REQUIRED WORK = Omit every picture, then return the listing verbatim.

EXTRACTED MATERIAL =
=-=-=-=-=

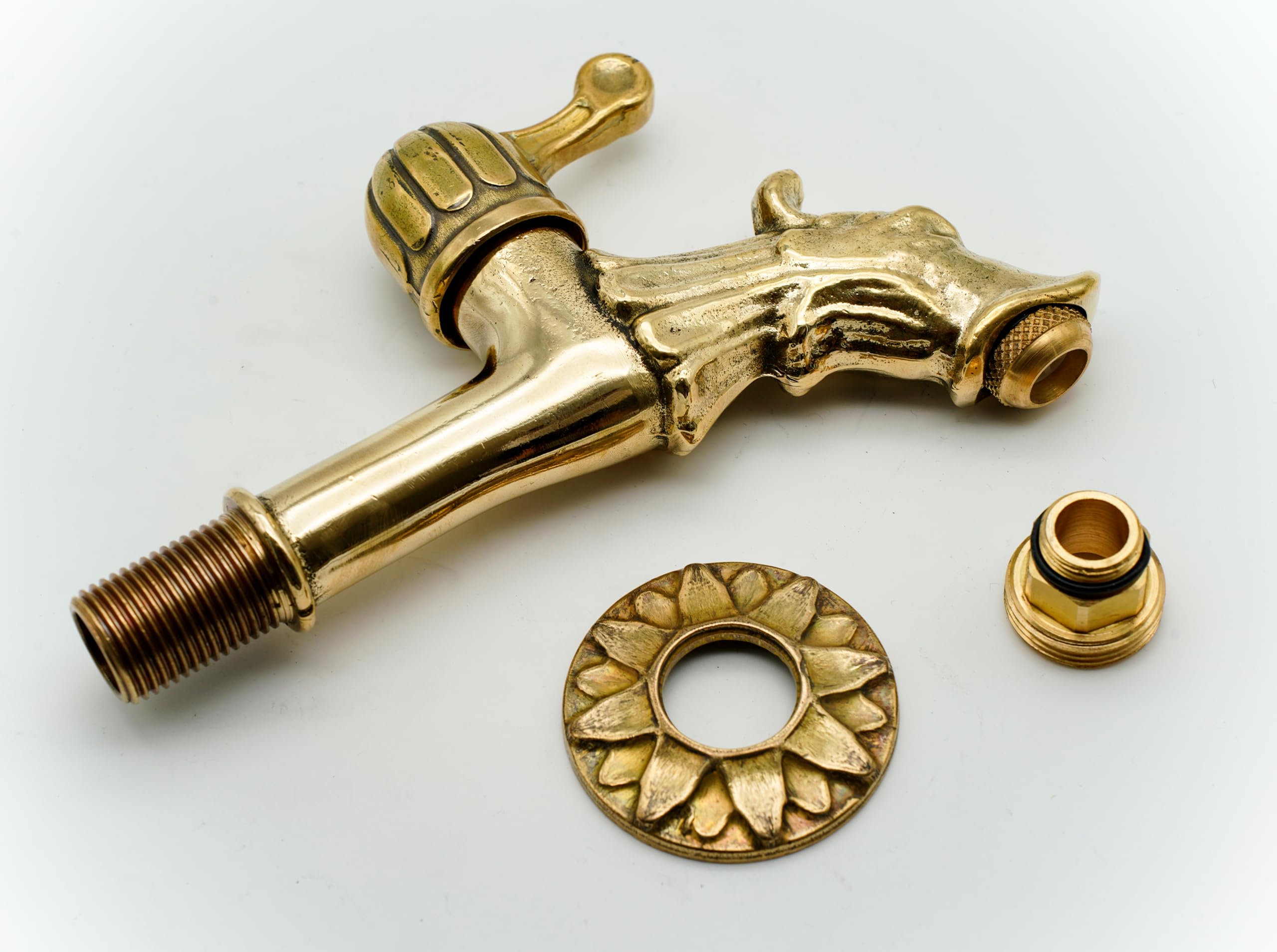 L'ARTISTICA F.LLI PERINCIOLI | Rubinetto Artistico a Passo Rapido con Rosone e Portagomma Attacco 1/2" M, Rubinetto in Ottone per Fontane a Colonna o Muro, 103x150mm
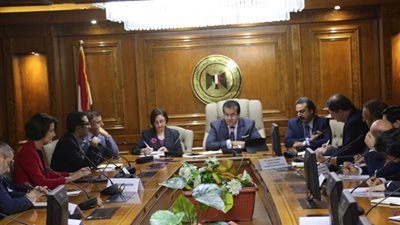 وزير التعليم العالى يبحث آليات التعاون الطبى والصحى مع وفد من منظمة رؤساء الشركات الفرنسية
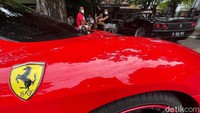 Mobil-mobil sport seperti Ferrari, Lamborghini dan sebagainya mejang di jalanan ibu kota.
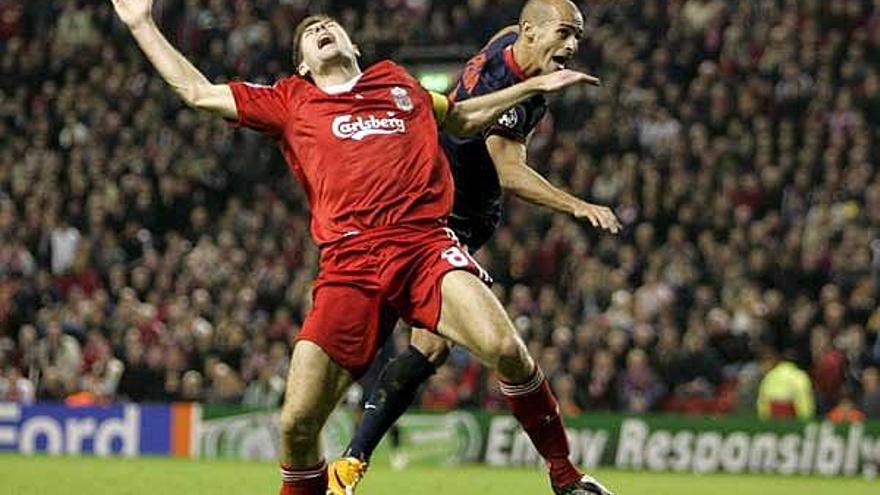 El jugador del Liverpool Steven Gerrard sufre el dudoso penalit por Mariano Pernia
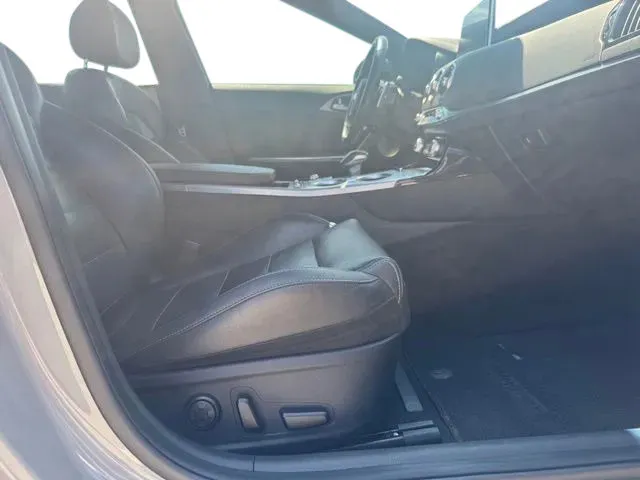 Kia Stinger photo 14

=-=-=-=-=

THE ANSWER =
 L'ARTISTICA F.LLI PERINCIOLI | Rubinetto Artistico a Passo Rapido con Rosone e Portagomma Attacco 1/2" M, Rubinetto in Ottone per Fontane a Colonna o Muro, 103x150mm
 وزير التعليم العالى يبحث آليات التعاون الطبى والصحى مع وفد من منظمة رؤساء الشركات الفرنسية
 Mobil-mobil sport seperti Ferrari, Lamborghini dan sebagainya mejang di jalanan ibu kota.
 El jugador del Liverpool Steven Gerrard sufre el dudoso penalit por Mariano Pernia
 Kia Stinger photo 14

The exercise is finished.